Programın sonunda konuşan Maltepe Erzurumlular Vakfı Kadın Kolları Başkanı Neşe Şairoğlu, duygulu ama bir o kadar da güçlü bir konuşma yaptı. Şairoğlu, kadınların yalnızca aile içinde değil, toplumsal gelişimin merkezinde yer aldığını vurguladı:

“Bir toplumu gerçekten kalkındırmak istiyorsak, önce kadını eğitmekten başlamalıyız. Çünkü eğitimli kadın, güçlü toplum demektir. Kadının bilgiyle, özgüvenle ve üretimle buluştuğu her adım, ülkenin geleceğine atılan en sağlam temeldir.”

“Kadın emeği, çoğu zaman sessiz ama çok güçlüdür. Bugün burada bu kadar girişimci, üretken ve vizyon sahibi kadını bir arada görmek, umut veriyor. Kadın dayanışması sadece bir slogan değil; bu ülkenin geleceğini taşıyan bir güçtür.”

“Bu programda gördüğüm şey sadece bir etkinlik değil, bir dönüşümün işareti. Kadınlar artık kendi hikâyelerini yazıyor, kendi geleceğini inşa ediyor. Ve bu yolculukta her kadının elinden tutan, yanında olan bir başka kadın var.”

Kadınlar el ele verirse, başaramayacakları hiçbir şey yoktur. Nilgün Ege Karaçuha ve Esengül Güler gibi güçlü kadınların önderliğinde yürütülen bu çalışmalar, bizlere umut veriyor. Bizler de Maltepe Erzurumlular Vakfı olarak, kadınlarımızın ekonomik, sosyal ve kültürel olarak güçlenmesi için her zaman destek olmaya hazırız.”

Plaket takdimi: Kadın dayanışmasının sembolü

Konuşmasının ardından Şairoğlu, yoğun alkış eşliğinde İGKADER Kurucu Başkanı Nilgün Ege Karaçuha ve Dernek Başkan Yardımcısı Esengül Güler’e teşekkür plaketi takdim etti:

“Bu plaketi yalnızca teşekkür olarak değil, bir dayanışma sembolü olarak sunuyorum. Çünkü kadın emeği, kadın dayanışmasıyla çoğalır. Nilgün Başkanımızın vizyonu ve Esengül Hanım’ın emeği hepimize ilham oluyor.”


Nilgün Ege Karaçuha: “Varlığınızla güçleniyoruz, birlikte daha nice başarılara imza atacağız”
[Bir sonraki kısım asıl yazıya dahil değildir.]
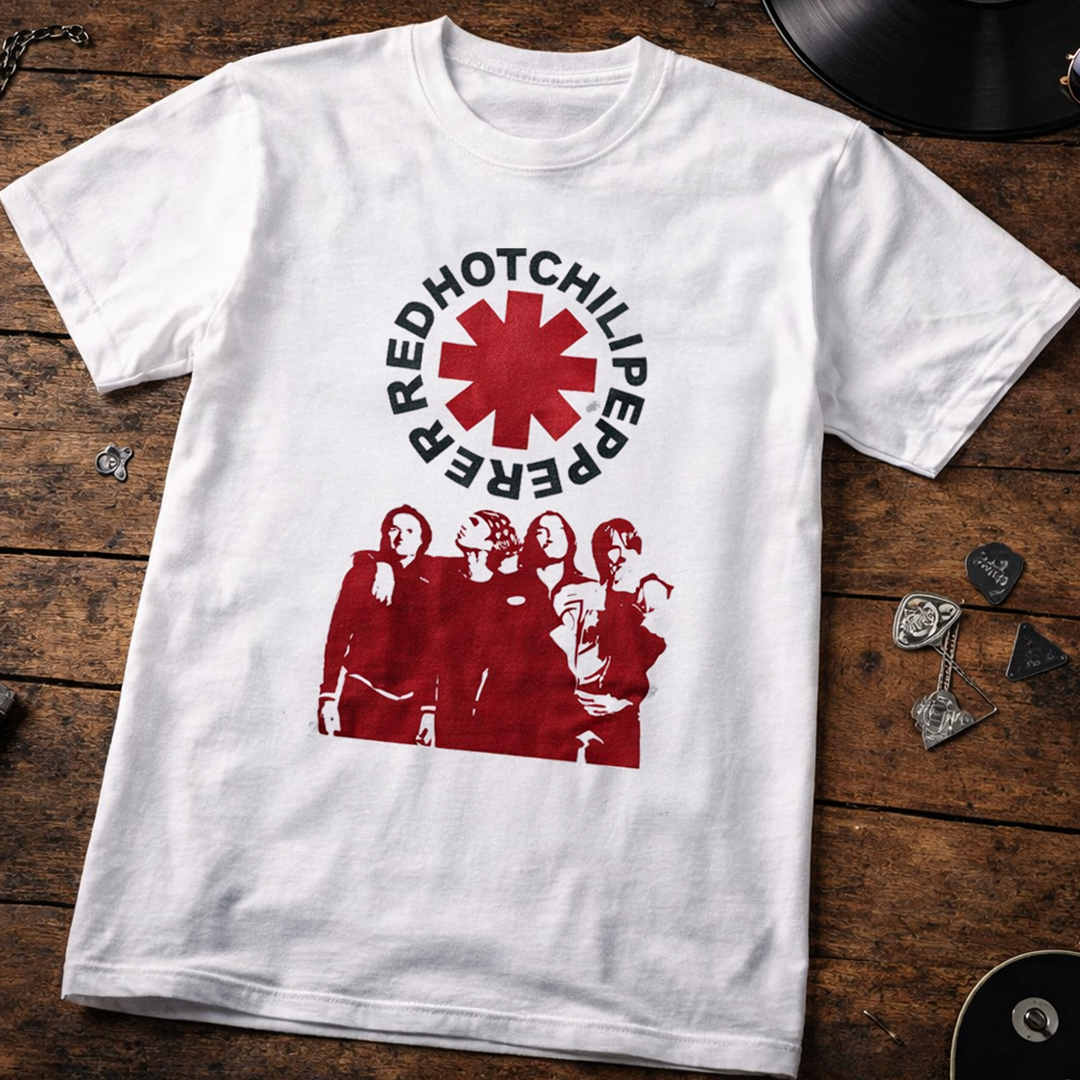 Camiseta RHCP Red Hot Chilli Peppers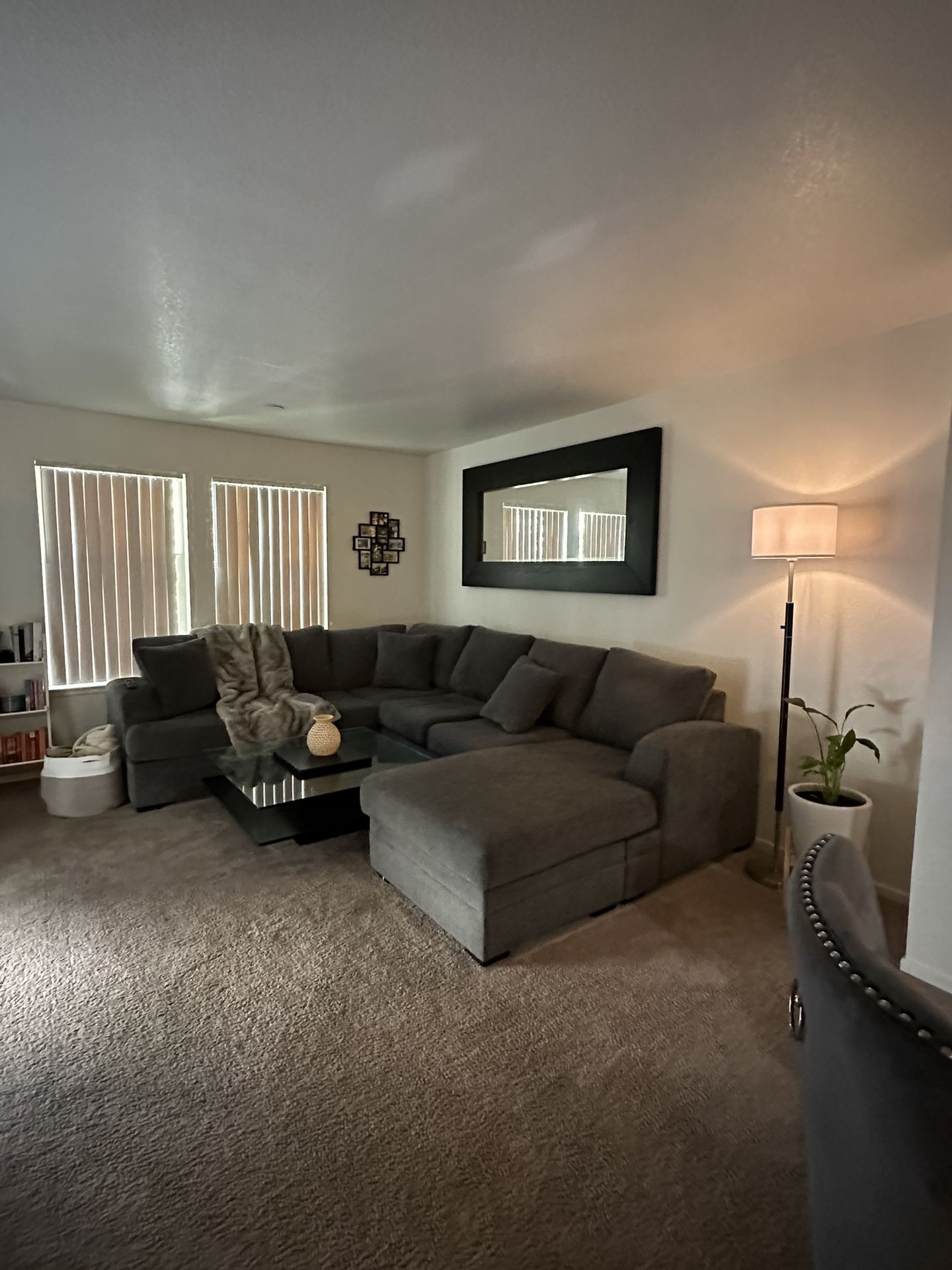 Grey Sofa Couch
Programın sonunda söz alan İGKADER Kurucu Başkanı Nilgün Ege Karaçuha, etkinliğin başından sonuna kadar hissedilen kadın dayanışması ve üretim ruhunun, derneğin kuruluş amacını en güzel biçimde yansıttığını vurguladı:

“Bugün burada yalnızca bir programı değil, bir vizyonu, bir umudu paylaştık. Her biri kendi alanında örnek olan konuklarımız, kadınların ve gençlerin girişimcilik yolculuğuna ışık tuttu. Kadın emeği, bilgiyle birleştiğinde mucize yaratır; biz bu mucizenin her gün tanığıyız.”

Karaçuha, konuşmalarıyla programa değer katan isimleri tek tek anarak, emeğe saygı ve ortak başarı vurgusu yaptı:

“Bugün burada bizlerle olup fikirleriyle yolumuzu aydınlatan Ali Fatinoğlu’na, Prof. Dr. Erdal Şen’e, Jasmina Türkoğlu’na en kalbi teşekkürlerimi sunuyorum. Her biri, kadınların ve gençlerin gücüne inanan, bu ülkenin geleceğine emek veren kıymetli isimlerdir.”

“Varlığınızla güçleniyoruz” – Destek verenlere özel teşekkür

Başkan Karaçuha, programın gerçekleşmesine katkı sağlayan iş insanları ve kurumlara da özel olarak teşekkür etti:

  • MSK Enerji Sistemleri Yönetim Kurulu Başkanı Mehmet Kaplan

  • Büyükçekmece İş Adamları Derneği (BİAD) Başkanı Mustafa Karayün

  • Basın Platformu Başkanı M. Remzi Tanış

  • Türkiye Yerel Basın Birliği Genel Başkanı Nezir Karayün

  • Anadolu Börekçilik markası

Varlığınızla güçleniyoruz. Kadınlar, gençler, akademisyenler, iş insanları ve basın temsilcileri olarak aynı hedefe inanıyoruz: Güçlü kadınlar, güçlü gelecek. Daha nice ortak başarıya birlikte imza atacağız.

Ayrıca Karaçuha, ev sahipliği için Maltepe Erzurumlular Vakfı Başkanı Hasan Koç ve Kadın Kolları Başkanına da teşekkür etti.